[Data records]
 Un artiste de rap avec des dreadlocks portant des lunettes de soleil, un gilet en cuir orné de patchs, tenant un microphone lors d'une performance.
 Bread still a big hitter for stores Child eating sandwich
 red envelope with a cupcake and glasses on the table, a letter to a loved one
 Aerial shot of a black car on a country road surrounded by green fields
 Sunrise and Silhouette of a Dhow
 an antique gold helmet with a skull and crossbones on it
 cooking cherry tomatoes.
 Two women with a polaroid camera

--

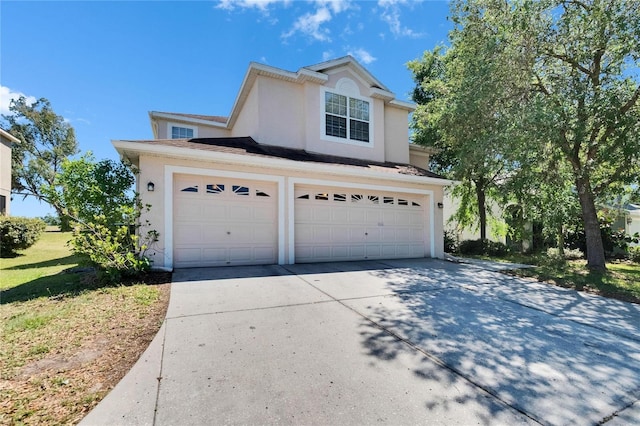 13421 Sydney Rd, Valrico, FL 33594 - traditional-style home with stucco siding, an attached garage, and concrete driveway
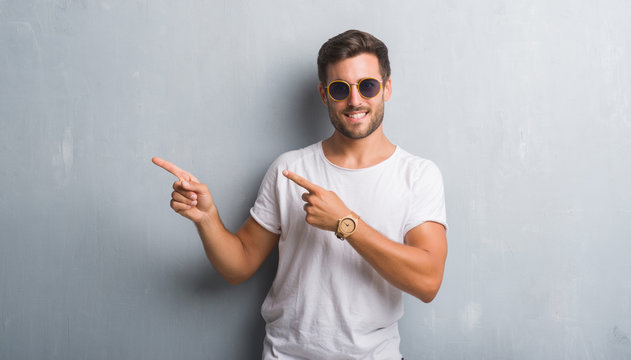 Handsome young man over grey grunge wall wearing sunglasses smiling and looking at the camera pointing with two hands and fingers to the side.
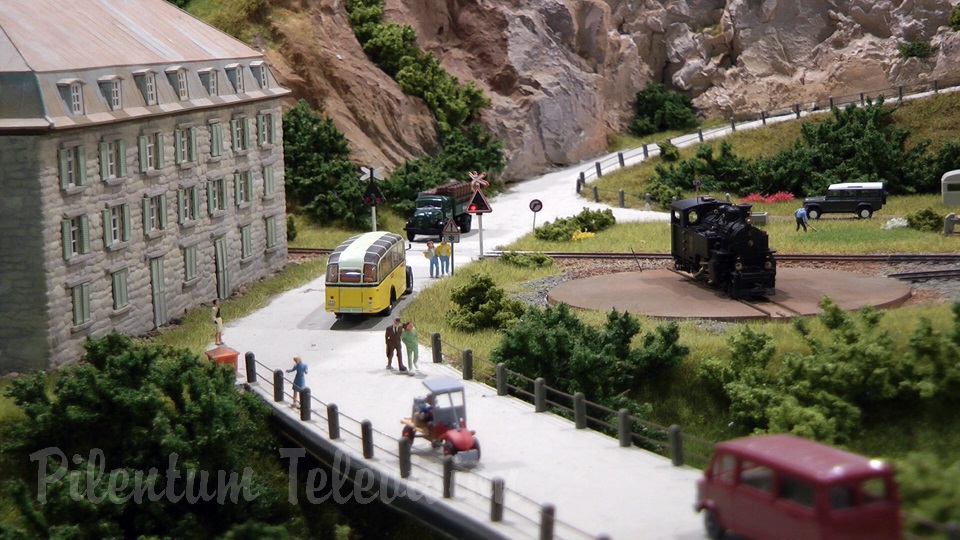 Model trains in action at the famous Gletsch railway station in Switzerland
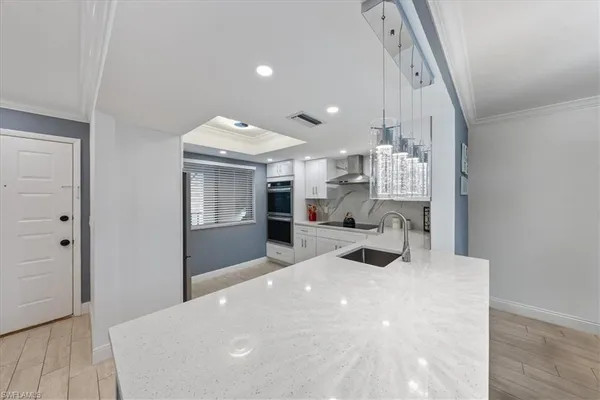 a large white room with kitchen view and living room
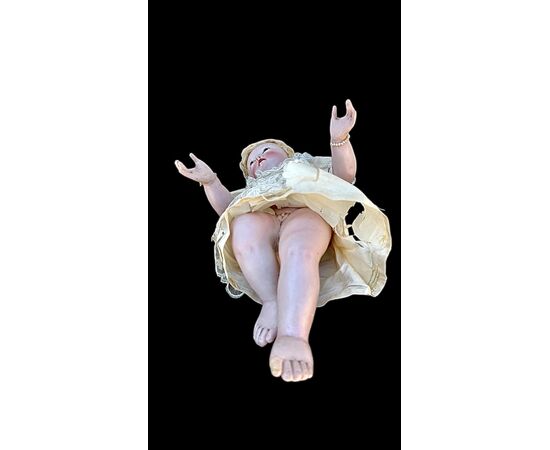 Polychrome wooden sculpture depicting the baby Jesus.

--

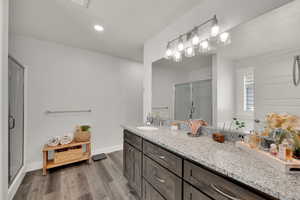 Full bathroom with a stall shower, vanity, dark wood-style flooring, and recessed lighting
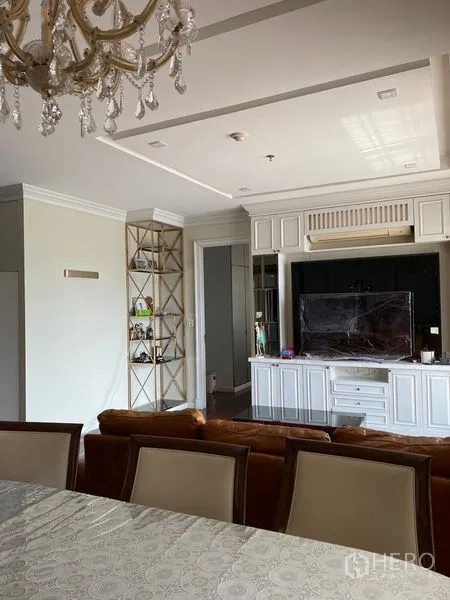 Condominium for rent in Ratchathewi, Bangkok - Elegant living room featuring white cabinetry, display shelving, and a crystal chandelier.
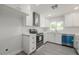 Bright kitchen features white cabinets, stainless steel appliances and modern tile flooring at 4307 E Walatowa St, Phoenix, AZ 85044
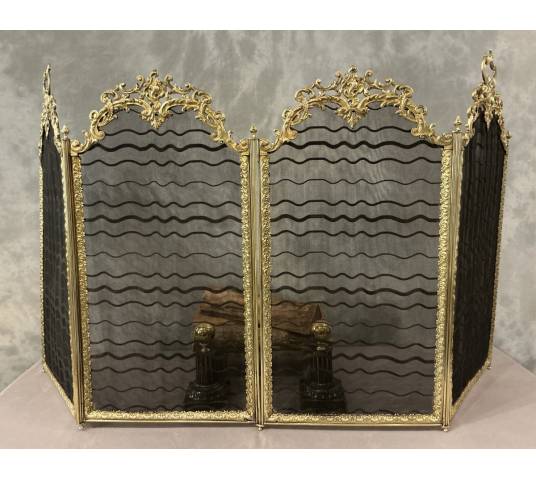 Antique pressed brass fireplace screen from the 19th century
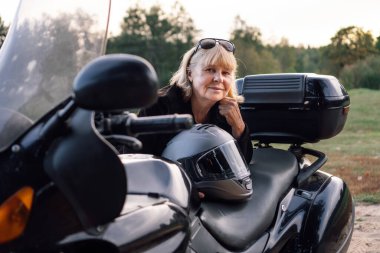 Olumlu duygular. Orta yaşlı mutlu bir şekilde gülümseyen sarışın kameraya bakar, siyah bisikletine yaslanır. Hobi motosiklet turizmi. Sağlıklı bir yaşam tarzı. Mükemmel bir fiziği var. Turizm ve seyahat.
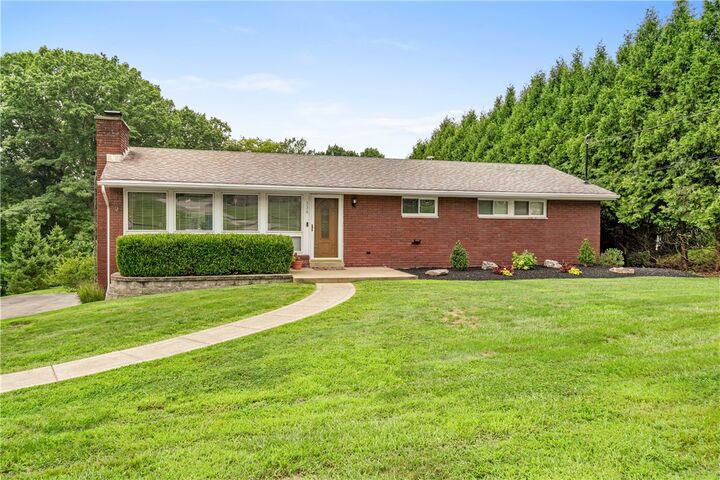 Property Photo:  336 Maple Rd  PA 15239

**Assigned task:** Treat the line with "13421 Sydney Rd, Valrico, FL" as the start and the line with "Polychrome wooden sculpture" as the end, and return exactly that span of the data above, both ends included, without pictures.

**Your response:**
 13421 Sydney Rd, Valrico, FL 33594 - traditional-style home with stucco siding, an attached garage, and concrete driveway
 Handsome young man over grey grunge wall wearing sunglasses smiling and looking at the camera pointing with two hands and fingers to the side.
 Model trains in action at the famous Gletsch railway station in Switzerland
 a large white room with kitchen view and living room
 Polychrome wooden sculpture depicting the baby Jesus.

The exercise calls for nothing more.